## What you are asked to do
The reply should be an exact repeat of the listing, with no pictures in it.

## Given data

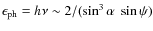 $\epsilon_{\rm ph} = h\nu \sim
2/(\sin^3\alpha~\sin\psi)$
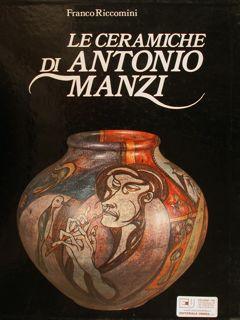 LE CERAMICHE DI ANTONIO MANZI.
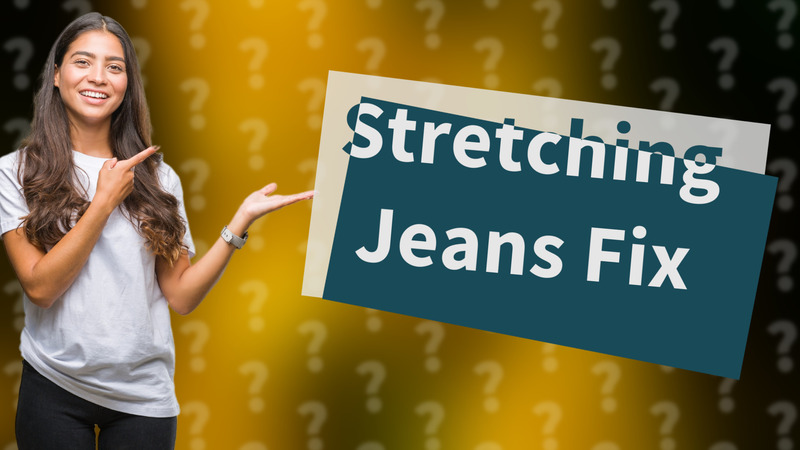 Stretching Jeans Fix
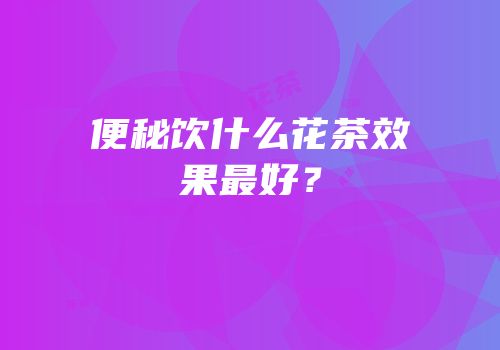便秘饮什么花茶效果最好？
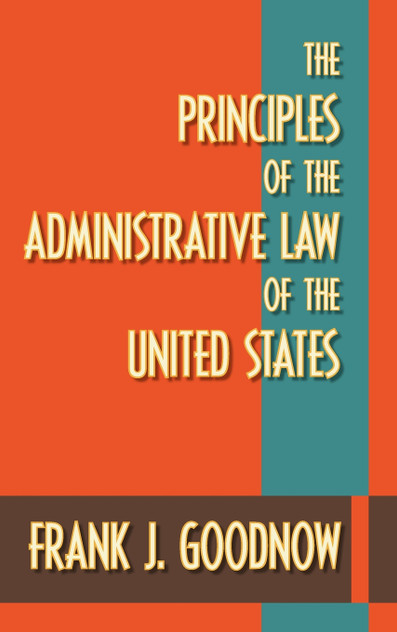 The Principles of the Administrative Law of the United States The Principles of the Administrative Law of the United States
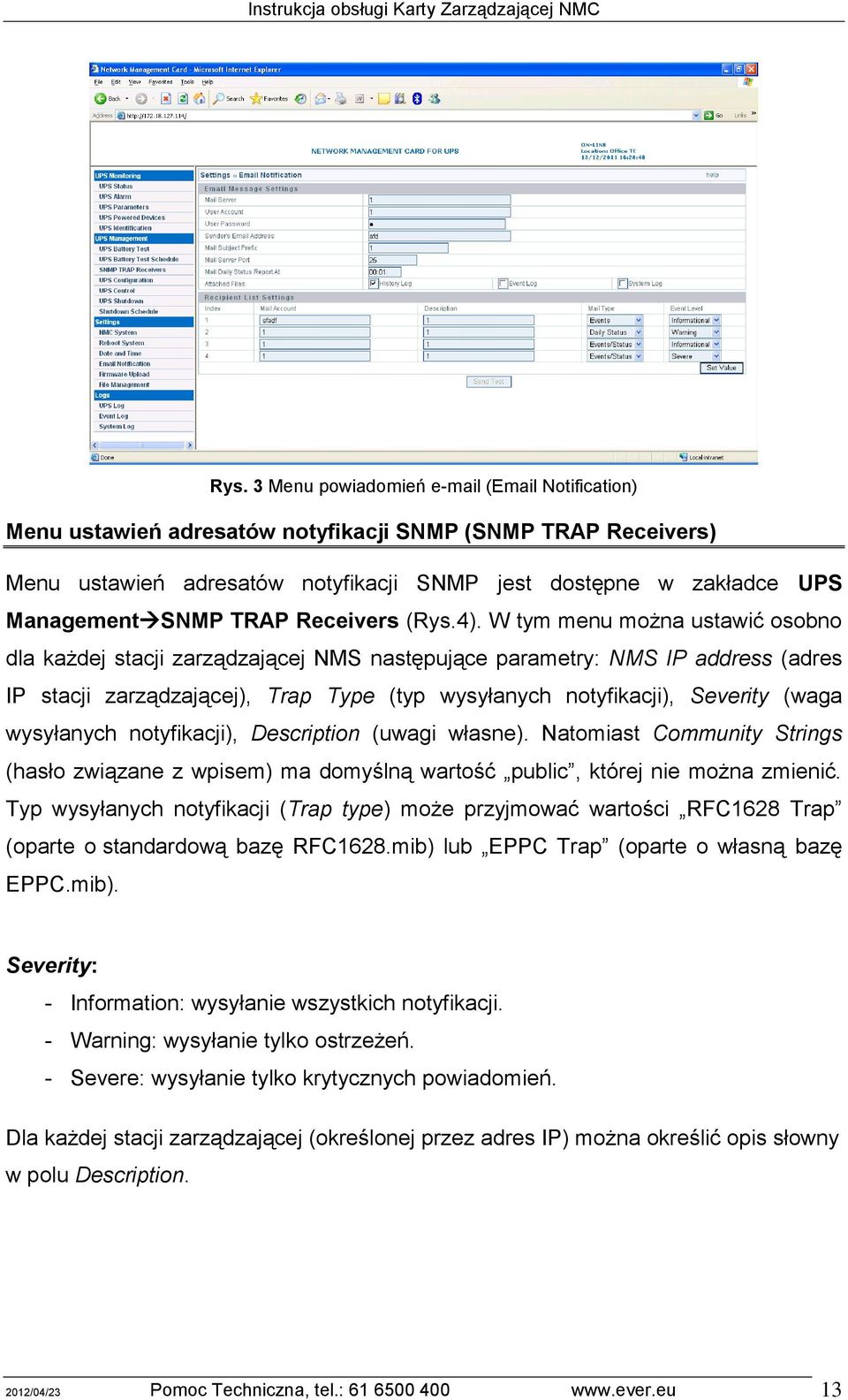 W tym menu można ustawić osobno dla każdej stacji zarządzającej NMS następujące parametry: NMS IP address (adres IP stacji zarządzającej), Trap Type (typ wysyłanych notyfikacji), Severity (waga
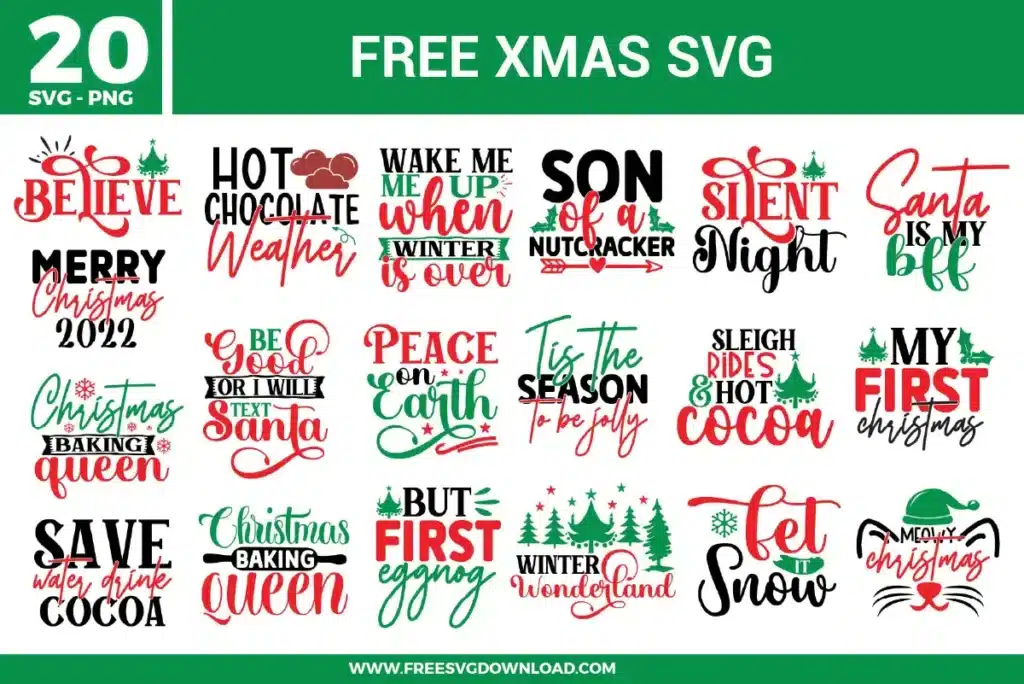 Free xmas svg files featuring a 20-pack bundle of festive holiday quotes and typography designs. The red, green, and black graphics showcase playful script and bold block fonts paired with winter elements like evergreen trees, stars, a santa hat, cat whiskers, and cozy cocoa themes, perfect for Christmas crafting.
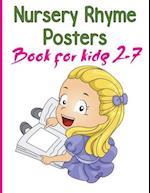 Nursery Rhymes Posters Book for kids 2-7: Perfect Interactive and Educational Gift for Baby, Toddler 1-3 and 2-4 Year Old Girl and Boy 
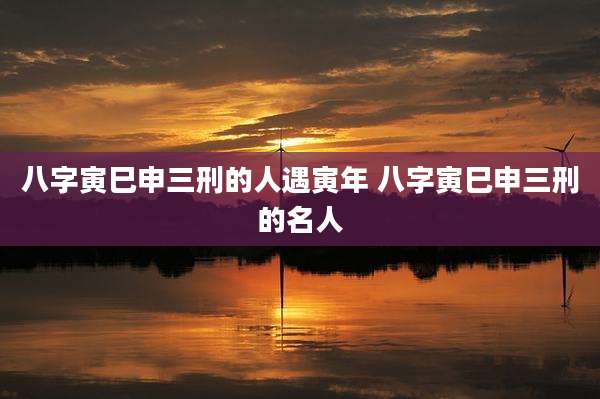八字寅巳申三刑的人遇寅年 八字寅巳申三刑的名人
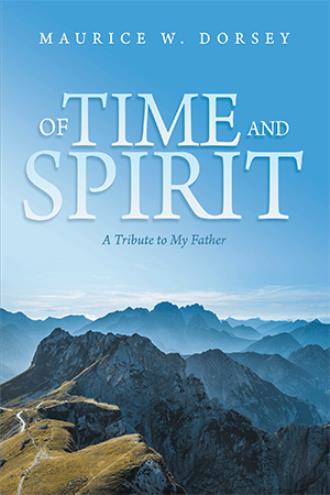 Of Time and Spirit by Maurice W. Dorsey ? view book details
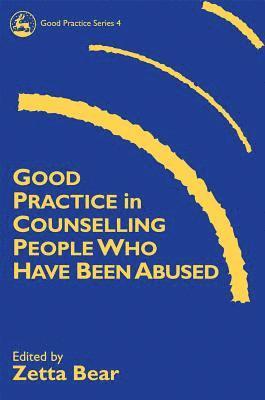 bokomslag Good Practice in Counselling People Who Have Been Abused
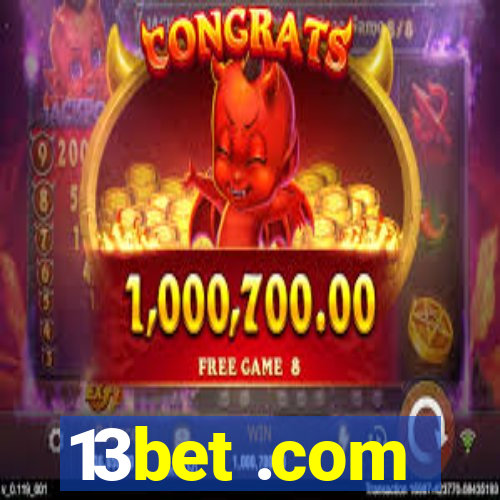 13bet .com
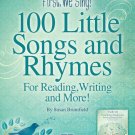 First, We Sing! 100 Little Songs And Rhymes (primary K-2 Collection)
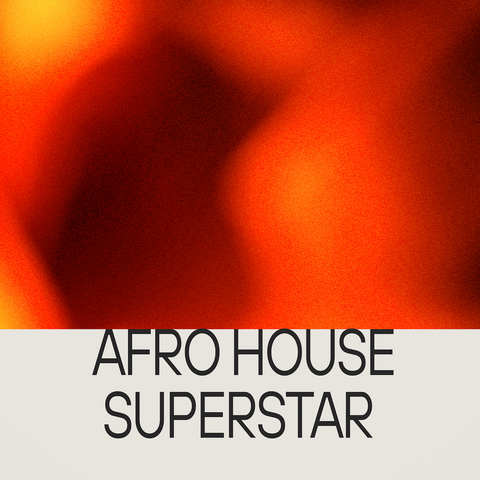Afro House Superstar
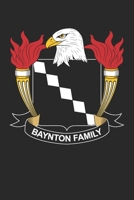 Baynton: Baynton Coat of Arms and Family Crest Notebook Journal (6 x 9 - 100 pages) 1709984589 Book Cover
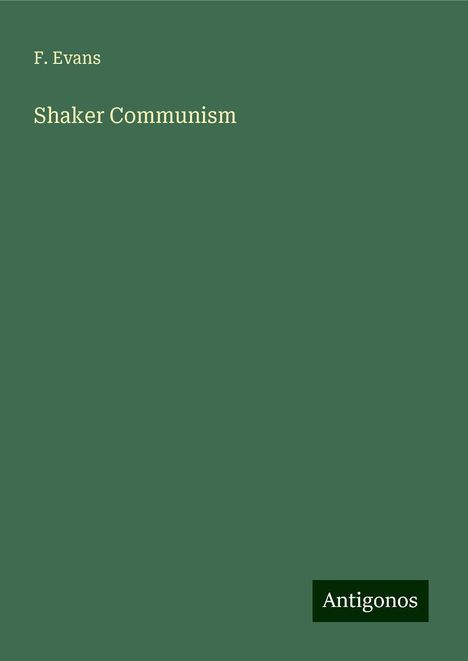 F. Evans: Shaker Communism, Buch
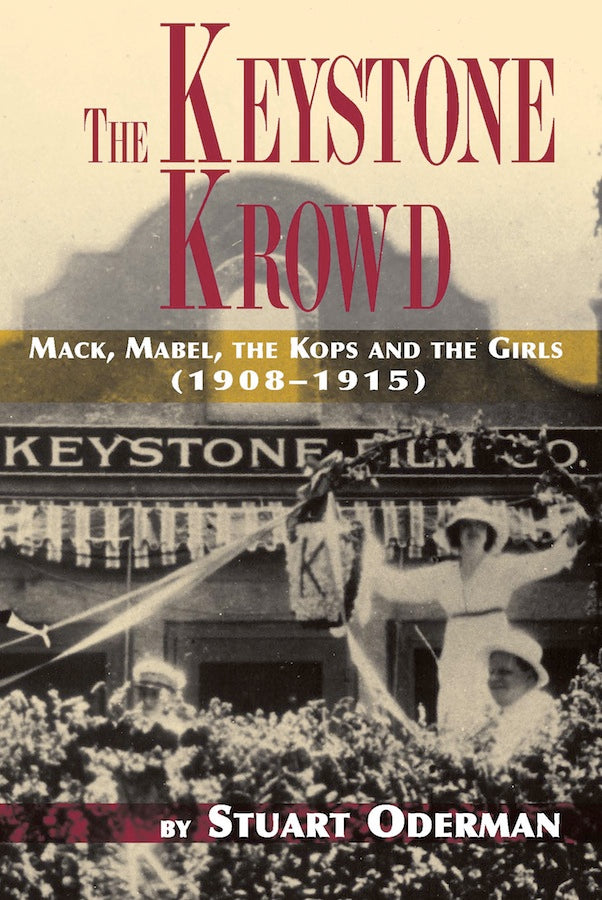 THE KEYSTONE KROWD: MACK, MABEL, THE KOPS & THE GIRLS (1908-1915) by Stuart Oderman - BearManor Manor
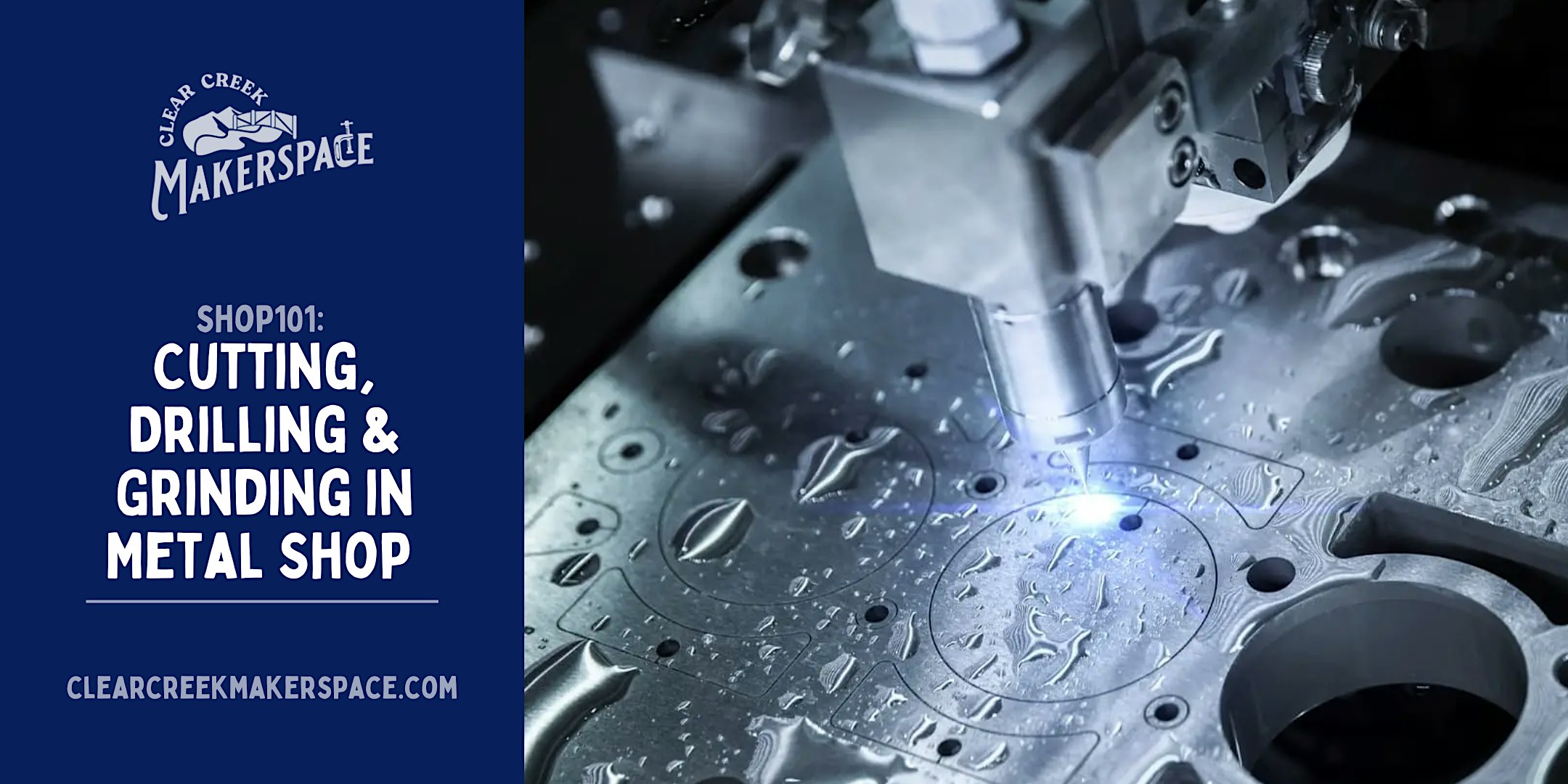 Cutting, Drilling & Grinding - Metal Shop w/ Whitney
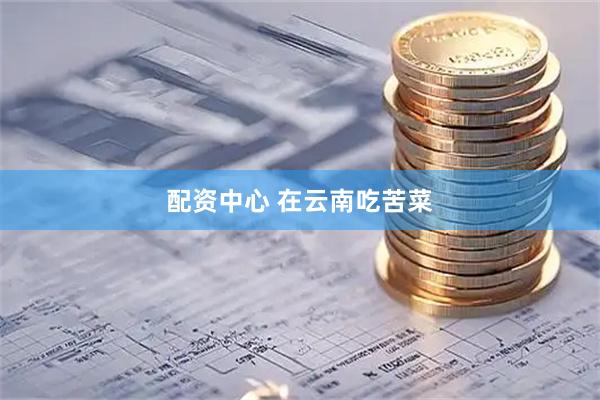 配资中心 在云南吃苦菜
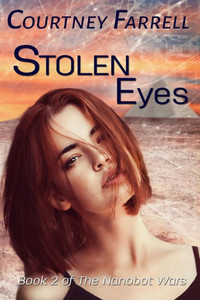 Stolen Eyes: Book 2 Of The Nanobot Wars Stolen Eyes: Book 2 Of The Nanobot Wars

## Output of the task
 $\epsilon_{\rm ph} = h\nu \sim
2/(\sin^3\alpha~\sin\psi)$
 LE CERAMICHE DI ANTONIO MANZI.
 Stretching Jeans Fix
便秘饮什么花茶效果最好？
 The Principles of the Administrative Law of the United States The Principles of the Administrative Law of the United States
 W tym menu można ustawić osobno dla każdej stacji zarządzającej NMS następujące parametry: NMS IP address (adres IP stacji zarządzającej), Trap Type (typ wysyłanych notyfikacji), Severity (waga
 Free xmas svg files featuring a 20-pack bundle of festive holiday quotes and typography designs. The red, green, and black graphics showcase playful script and bold block fonts paired with winter elements like evergreen trees, stars, a santa hat, cat whiskers, and cozy cocoa themes, perfect for Christmas crafting.
 Nursery Rhymes Posters Book for kids 2-7: Perfect Interactive and Educational Gift for Baby, Toddler 1-3 and 2-4 Year Old Girl and Boy 
八字寅巳申三刑的人遇寅年 八字寅巳申三刑的名人
 Of Time and Spirit by Maurice W. Dorsey ? view book details
 bokomslag Good Practice in Counselling People Who Have Been Abused
 13bet .com
 First, We Sing! 100 Little Songs And Rhymes (primary K-2 Collection)
Afro House Superstar
 Baynton: Baynton Coat of Arms and Family Crest Notebook Journal (6 x 9 - 100 pages) 1709984589 Book Cover
 F. Evans: Shaker Communism, Buch
 THE KEYSTONE KROWD: MACK, MABEL, THE KOPS & THE GIRLS (1908-1915) by Stuart Oderman - BearManor Manor
 Cutting, Drilling & Grinding - Metal Shop w/ Whitney
 配资中心 在云南吃苦菜
 Stolen Eyes: Book 2 Of The Nanobot Wars Stolen Eyes: Book 2 Of The Nanobot Wars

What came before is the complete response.